Press release 6 June

Coal Action Network activist at the now mothballed Mataura briquetting plant - supposed to provide local jobs, but didn't.

Coal Action Network activist at the now mothballed Mataura briquetting plant – supposed to provide local jobs, but didn’t.

Further layoffs expected today at Solid Energy’s Stockton mine are a warning that coal cannot be relied on for community prosperity and jobs says Coal Action Network Aotearoa (CANA).

CANA’s new report, Jobs After Coal – a Just Transition for coal mining communities, released two weeks ago, documents the reasons for the world-wide decline in coal mining and argues strongly that workers should not be left to bear the burden of redundancies.

Jeanette Fitzsimons, one of the authors, said “Coal prices are not going up again any time soon, renewable energy is getting cheaper all the time, and climate change means that most of the coal currently available to mine can never be burned anyway.”

“This is all part of the ‘perfect storm’ Don Elder talked of before he resigned.”

“It is urgent to set in place a planning process for communities that are most affected.
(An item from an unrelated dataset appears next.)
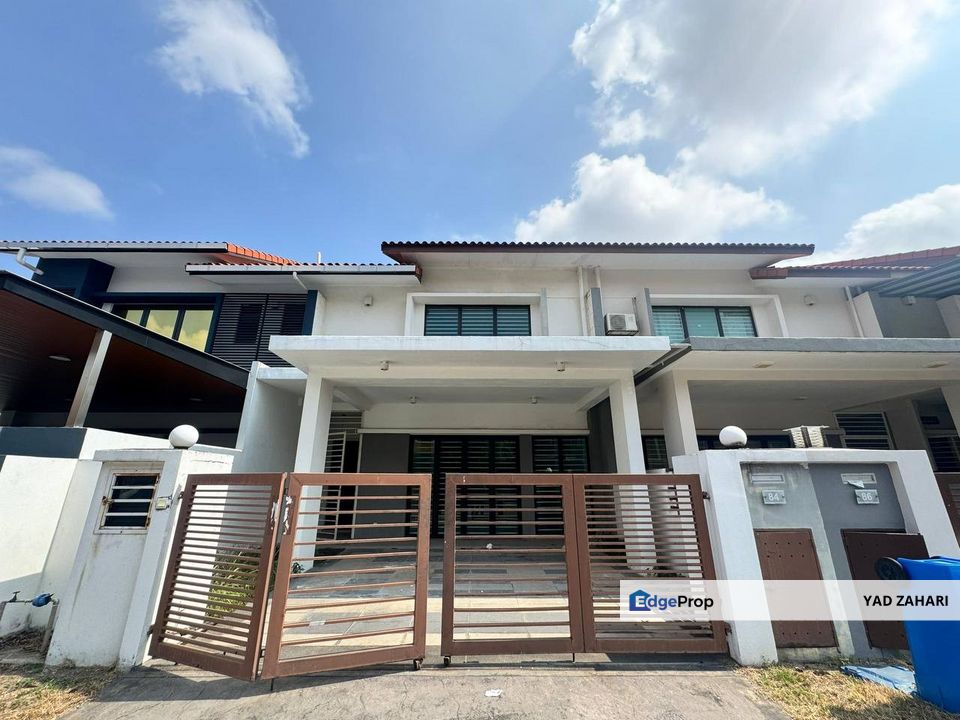 Pentas 2, Alam Impian | Double Storey Superlink 4+1 Rooms | RM950K - Renovated & Move In Ready, Selangor, Shah Alam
This should have been done two years ago when the redundancies started, rather than waiting until even more families are suffering.”

“The latest layoffs make it clear that communities cannot rely on a boom and bust industry for their job security.”

A “Just Transition” would provide central government help for a community-led process to analyse where the skills of miners can be transferred to other industries and develop local economic development based on local skills and opportunities.

“It needs to involve all parts of the community – councils, business, unions, iwi, polytechs, ngos,  to plan a future after coal.”

The report provides some snapshots of what other communities overseas have done to reinvent themselves after coal mining, and concludes that the West Coast could do the same with some government resources.